Sudut pandang ekonomis ; menyatakan bahwa bisnis adalah
sebuah kegiatan ekonomis yang didalamnya terdapat interaksi manusia
(tukar-menukar, jual-beli, memproduksi-memasarkan, bekerja-mempekerjakan,
danlainnya) dengan maksud untuk memperoleh keuntungan. Bisnis bukan merupakan
karya amal, ketika seorang melakukan interaksi sosial maka transaksi ini
bersifat membantu pihak lain dengan harapan sesuatu kembali. Good business dalam sudut ekonomis
adalah bisnis yang membawa banyak untung.
2.
Sudut pandang moral ; selalu ada kendala etis bagi perilaku
kita, tidak semua perilaku ekonomis masuk kedalam perilaku etis. Tidak semua
perilaku yang mengarah kepada keuntungan bisa kita lakukan karena ada hak dan
kepentingan oranglain yang harus kita perhatikan dan kita hormati. Perilaku
etis disini penting demi kelangsungan hidup bisnis dan demi ketahanan positif
finansialnya. Bisnis yang etis tidak membawa kerugian bagi bisnis itu sendiri,
terutama kalau dilihat dalam perspektif jangka panjang. Bisnis yang baik bukan
saja bisnis yang menguntungkan tetapi juga baik secara moral. Arti moralnya
merupakan salah satu arti terpenting bagi kata “baik”. Perilaku yang baik juga
dalam konteks bisnis merupakan perilaku yang sesuai dengan norma moral. Suatu
hal dapat dinilai baik secara mendalam kalau memenuhi standar etis.
3.
Sudut pandang hukum ; bisnis terikat juga oleh “hukum
dagang” atau “hukum bisnis”. Hukum merupakan sudut pandang normatif karena
menetapkan apa yang harus dilakukan atau tidak boleh dilakukan. Dari segi
norma, hukum bahkan lebih jelas dan pasti daripada etika karena hukum
dituliskan dengan jelas dan ada sanksi tertentu bila terjadi pelanggaran. Etika
harus menjiwai hukum baik dalam proses terbentuknya undang-undang maupun dalam
pelaksanaan peraturan hukum. Hukum dan etika kerap kali tidak bisa dilepaksan
satu sama lain.
Peraturan hukum haru sditentukan supaya keadaan tidak
menjadi kacau.

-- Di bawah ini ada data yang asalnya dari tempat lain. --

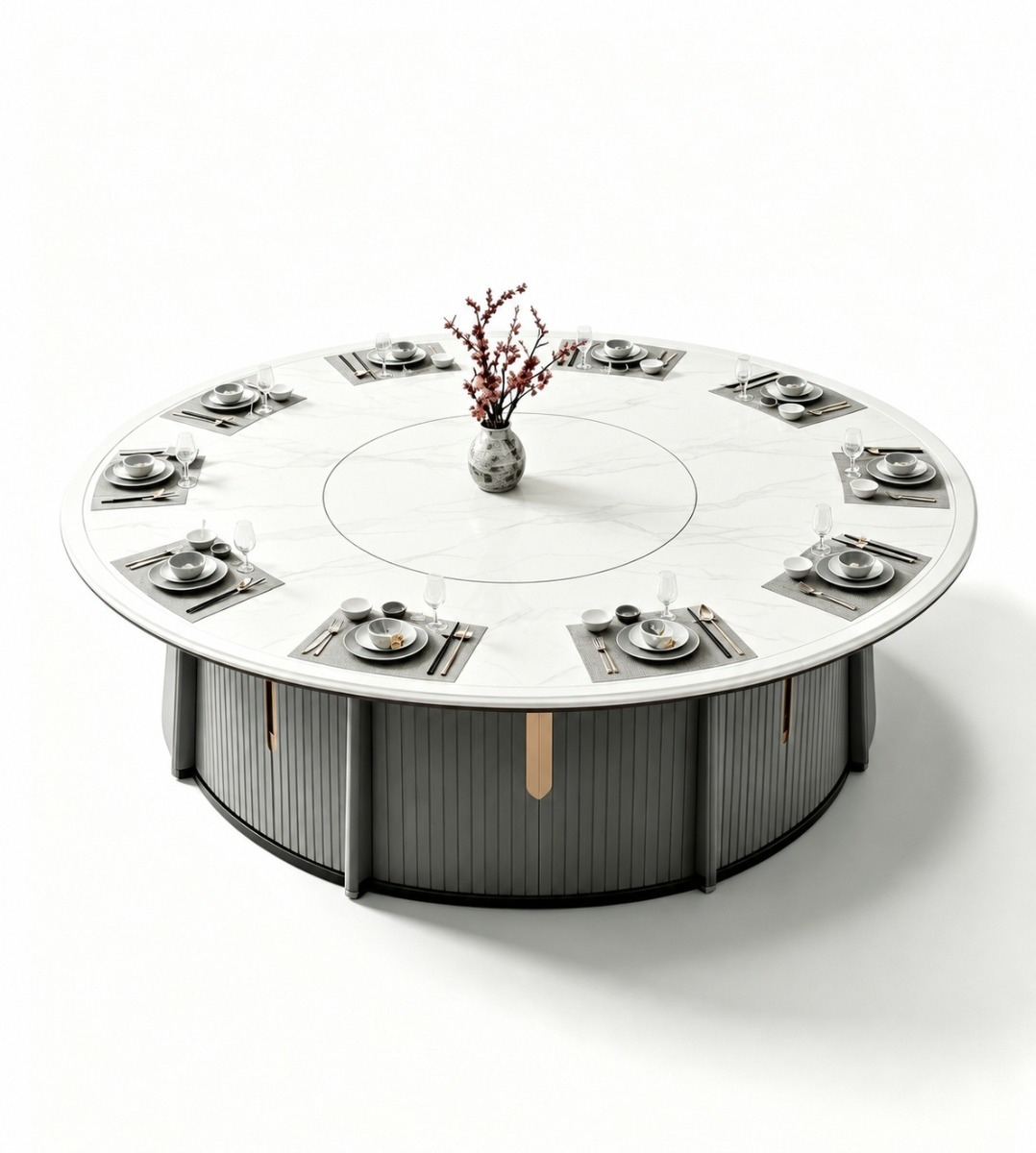 斜紋藝術拼接電動圓餐檯 Diagonal-Patterned Designer Electric Dining Table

Dalam banyak hal, hukum mampu meneguhkan kenyakinan moral dalam
masyarakat. Peraturan hukum merupakan pengendapan atau kristalisasi dari
keyakinan moral dan serentak juga mengukuhkan keyakinan moral itu. Bisnis yang
baik adalah bisnis yang menaati atau patuh pada hukum.
Tolak ukur
bisnis berdasarkan ketiga aspek dapat dilihat dari keuntungan materi berupa
uang yang bernilai dan ada nominalnya (aspek ekonomis), peraturan tertulis yang
disepakati dan sudah menjadi patokan dasar (aspek hukum), dan hati nurani atau
peniaian masyarakat umum (aspek moral). Dari ketiga aspek diatas, tolak ukur
untuk aspek moral adalah hal sedikit sulit untuk dinalai karena moral tersebut
berasal dari hati nurani, kaidah emas, dan penilaian masyarakat umum.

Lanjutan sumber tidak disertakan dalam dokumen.